The resignation of Lord Adonis as Chair of the National Infrastructure Commission on the 29th December 2017 has seen a fair amount of press coverage over the last week. The focus has been on his comments regarding Brexit and the Conservative-Labour relationship, which Lord Adonis cited as a reason for his resignation, stating that his “work at the Commission has become increasingly clouded by disagreement with the Government”, and that “Brexit is causing a nervous breakdown across Whitehall”.

However, Lord Adonis (who is a former Labour Transport Secretary), criticised Conservative Transport Secretary, Chris Grayling, saying “I would have been obliged to resign from the Commission at this point anyway because of the Transport Secretary's indefensible decision to bail-out the Stagecoach/Virgin East Coast rail franchise”.

The Government has stated that this move, which was reported on the 29th November 2017, is not a bailout, although it is set to cost hundreds of millions of pounds.
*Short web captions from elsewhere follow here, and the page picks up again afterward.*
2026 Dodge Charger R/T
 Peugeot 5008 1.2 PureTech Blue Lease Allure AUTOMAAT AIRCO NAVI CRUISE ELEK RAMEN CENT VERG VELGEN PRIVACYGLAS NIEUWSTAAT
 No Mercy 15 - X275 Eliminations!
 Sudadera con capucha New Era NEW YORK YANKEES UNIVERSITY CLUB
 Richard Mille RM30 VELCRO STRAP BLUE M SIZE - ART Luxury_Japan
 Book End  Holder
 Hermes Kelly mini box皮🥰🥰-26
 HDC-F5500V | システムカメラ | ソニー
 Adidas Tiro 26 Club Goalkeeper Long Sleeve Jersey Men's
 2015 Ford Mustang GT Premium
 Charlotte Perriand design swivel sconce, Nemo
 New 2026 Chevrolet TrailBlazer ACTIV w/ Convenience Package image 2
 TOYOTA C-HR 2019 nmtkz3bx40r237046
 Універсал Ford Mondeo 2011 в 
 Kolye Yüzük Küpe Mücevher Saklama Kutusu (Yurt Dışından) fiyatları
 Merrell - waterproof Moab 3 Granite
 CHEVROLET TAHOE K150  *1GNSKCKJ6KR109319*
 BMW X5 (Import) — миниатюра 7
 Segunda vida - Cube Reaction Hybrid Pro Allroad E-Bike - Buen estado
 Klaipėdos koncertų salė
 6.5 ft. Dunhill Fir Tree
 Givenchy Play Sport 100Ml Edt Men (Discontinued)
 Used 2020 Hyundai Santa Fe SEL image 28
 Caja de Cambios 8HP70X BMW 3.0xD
However, Lord Adonis fears that the cost could be in the billions if other rail companies making a loss demand the same treatment.

His criticism and subsequent resignation comes amidst average fare increases of 3.4% across the UK, with Lord Adonis going so far as to note that ‘bailouts’ only benefit billionaire owners and their shareholders, push up the price of train tickets for the consumer, and threaten investment in national infrastructure.

 

What could Lord Adonis’ predictions mean for London’s Built Environment?

The Draft London Plan places a key focus on building and development around transport hubs in London. The problem is, the increase in commuter fares could further price people out of these already pricey areas, and could add to London’s affordable housing crisis.

Whilst Mayor of London Sadiq Khan has frozen fares in London covered by the Mayor’s remit, this does not include travelcards or weekly caps, which are set in agreement with private train operating companies, or increased in line with RPI inflation (3.6% in July 2017) if no agreement is made. According to the London Assembly website, “by January 2018, the overall increase in Travelcard fares will be more than 5.5 per cent”.

Furthermore, fare increases and reduced investment in transport infrastructure could have environmental implications. In the news this week, we have seen people turning to private transport over public transport in response to fare increases. With an average 29.8% of Londoners already commuting to work by car, the increase in fares, and investment problems predicted by Lord Adonis, could see more people turning towards alternative transportation. The knock-on effect of this is not just environmental, but could also place an added pressure on parking in the capital.

 

Conclusion

Whether or not Lord Adonis’ predictions come true, 2018 looks set to be a key year for transport and infrastructure. As HS2 continues through its phases of development, and with the Elizabeth Line service expected to open in 2018, rail infrastructure looks to remain a crucial policy area going forward.